Giftig, flink und nichts für Ungeübte

Prägnant prangt auf den vorderen Kotflügeln das Skorpion-Logo, das die Marke Abarth symbolisiert. Bei Nässe, Bodenwellen oder Asphalt-Flickenteppichen reagiert der 207 kW/280 PS starke Fronttriebler beim kräftigen Beschleunigen – etwa beim Überholen – äußerst giftig. Das ist nichts für Ungeübte. Selbst Routiniers müssen das Lenkrad fest im Griff behalten und ihre Grenzen kennen. Auf ebener, trockener Fahrbahn fährt sich der Wagen wie ein Gokart und zaubert dem Fahrer ein breites Grinsen ins Gesicht. Das straff abgestimmte Fahrwerk vermittelt eine direkte Rückmeldung, ist jedoch nichts für Bandscheibengeschädigte. Der spürbare Verzicht auf Fahrkomfort kann auf Dauer unangenehm werden: Stöße werden unmittelbar in den Innenraum geleitet, was die Fahrfreude auf langen Strecken merklich schmälert. Trotzdem sorgt die relativ hohe Bauweise des Kompakt-SUV bei starker Beschleunigung für spürbare Wankbewegungen. Auf welligen Landstraßen wirkt das Fahrgefühl dadurch unruhig.

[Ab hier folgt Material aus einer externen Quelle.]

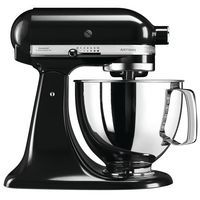 Robot Pâtissier KITCHENAID - 5KSM125EOB - 4.8 L-Batteur noir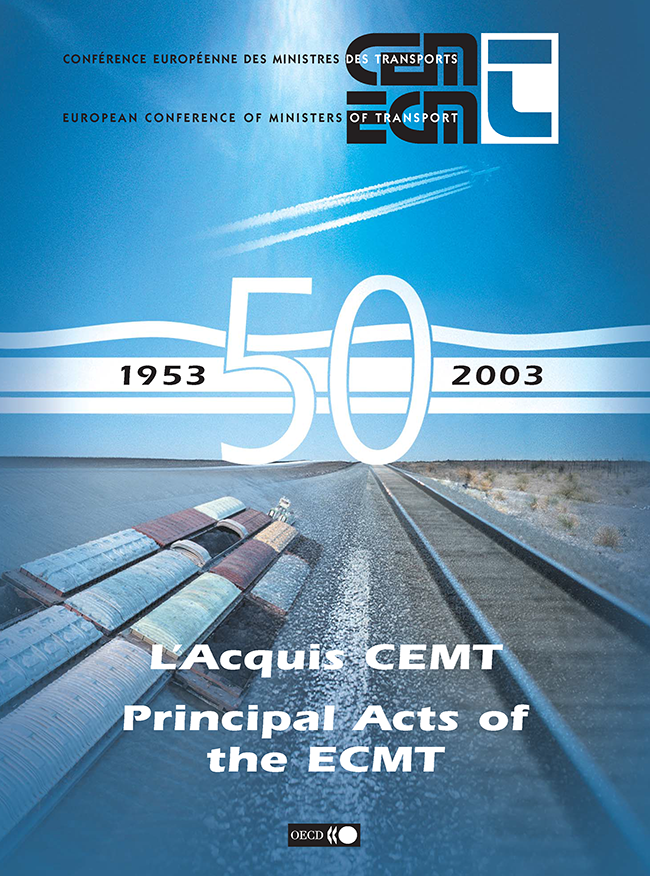 Principal Acts of the ECMT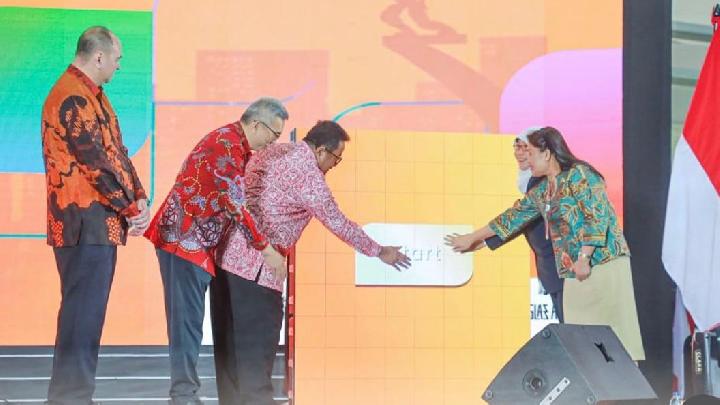 Jakarta International Investment, Trade, Tourism & SME Expo (JITEX) 2025 resmi dibuka sebagai ajang inklusif yang memberi ruang partisipasi bagi penyandang disabilitas, Jakarta, pada Rabu, 17 September 2025. Dok. Humas JITEX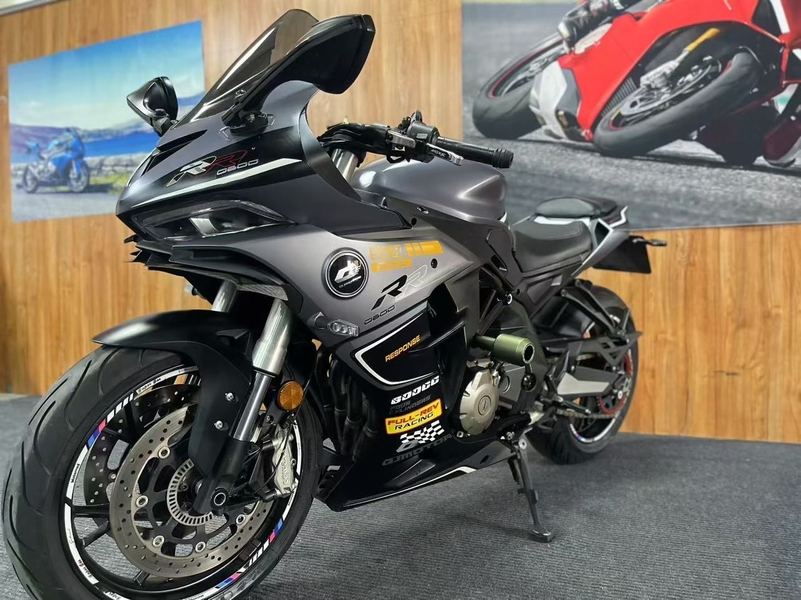 二手QJMOTOR赛600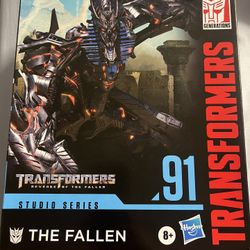Transformers #91 The Fallen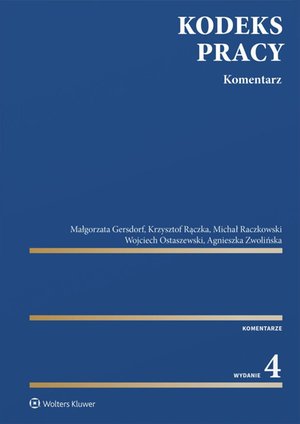 Kodeks pracy. Komentarz – ebook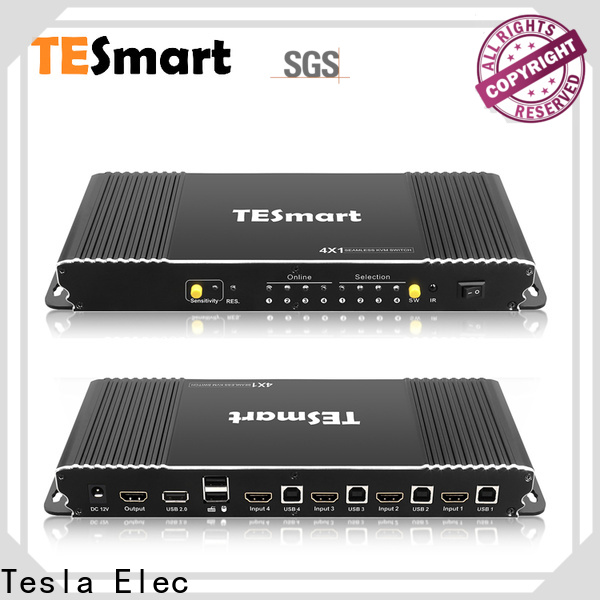 Tesla Elec best kvm switch 16 port supplier for television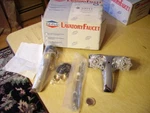 Ez-flo 10011 Lavatory Faucet Washerless Brass Pop Up Chrome New. Fixed Price $35.00.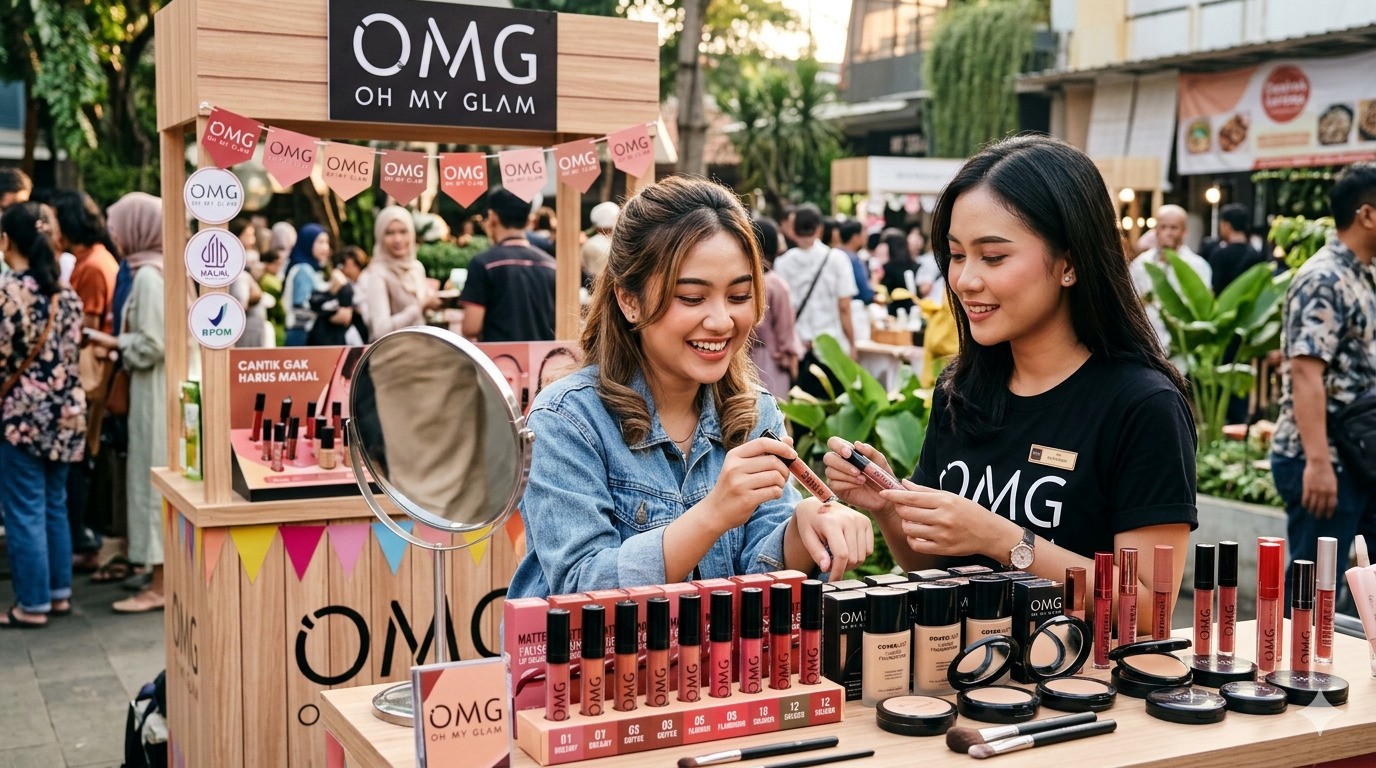 OMG! Cantik Maksimal Ternyata Gak Harus Mahal.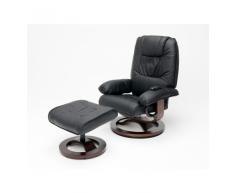 RELAXSESSEL MIT HOCKER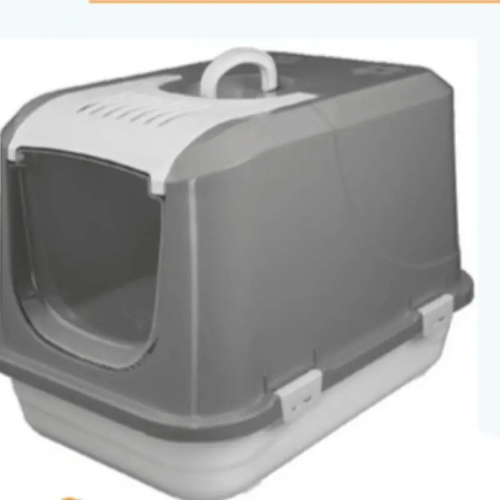 אולטרה פט UltraPet שירותים סגורים עם כף 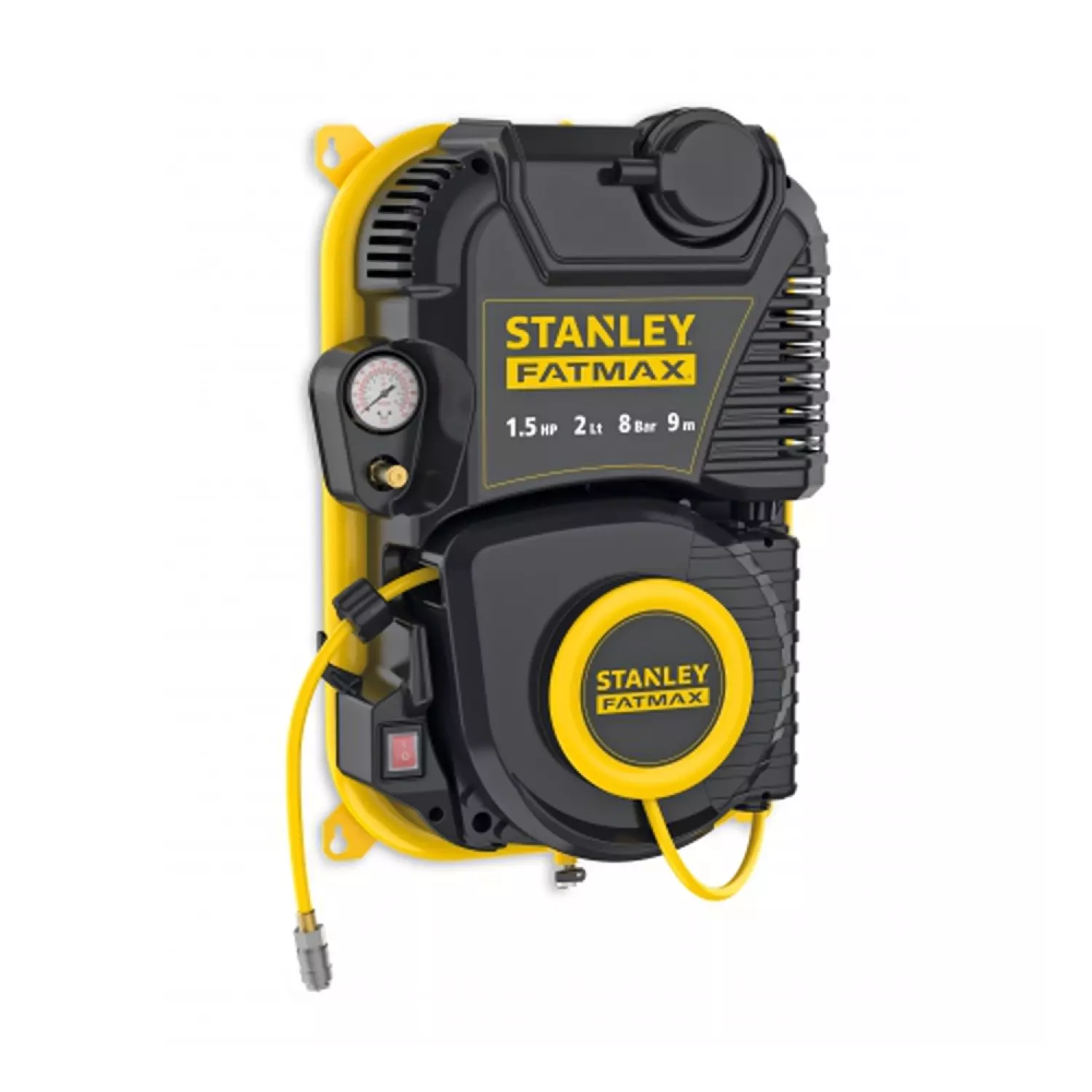 Stanley Fatmax 8215410STF585 Wandcompressor - 1,1 kW - 8 Bar - 160L/min - Olievrij-image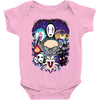 studio ghibli - spirited away Baby Bodysuit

Abarth 600e in der Heckansicht.
Foto: Wolfgang Sievernich

Fahrspaß mit Nebenwirkungen

Mit Dachspoiler und Stoßstangenverkleidungen zieht der Abarth 600e auch von hinten alle Blicke auf sich. Akustisch geht er eigene Wege: Einen klassischen Auspuff gibt es natürlich nicht, stattdessen lässt sich per Tastendruck ein elektronischer Soundgenerator aktivieren. Dessen künstlicher Klang wirkt überraschend authentisch, will jedoch nicht recht zum eher leisen Charakter eines Elektroautos passen – selbst nicht zum betont sportlich auftretenden Abarth. Unüberhörbar sind dagegen die lauten Abrollgeräusche der 20-Zoll-Niederquerschnittsreifen im Innenraum. 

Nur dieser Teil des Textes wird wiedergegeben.